§ **Exercise**:
Transcribe the listing below in full, exactly, with no images.

§ **Dataset extract**:
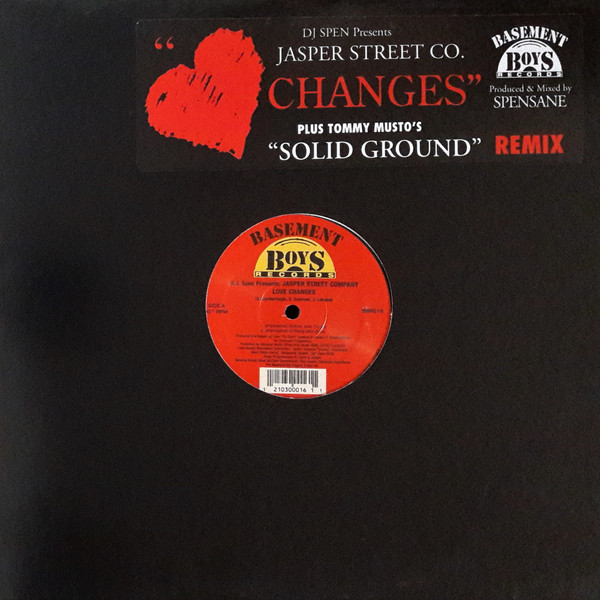 DJ Spen Presents Jasper Street Co. - Love Changes | Basement Boys Records (BBR016)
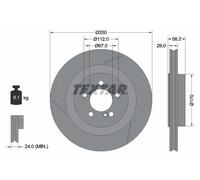 TEXTAR 92151605 Disque de frein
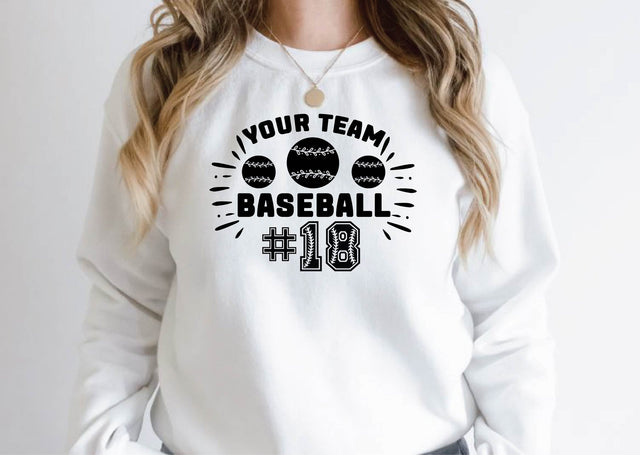 your team baseball #18 SVG Design SVG farhad farhad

§ **Finished exercise**:
 DJ Spen Presents Jasper Street Co. - Love Changes | Basement Boys Records (BBR016)
 TEXTAR 92151605 Disque de frein
 your team baseball #18 SVG Design SVG farhad farhad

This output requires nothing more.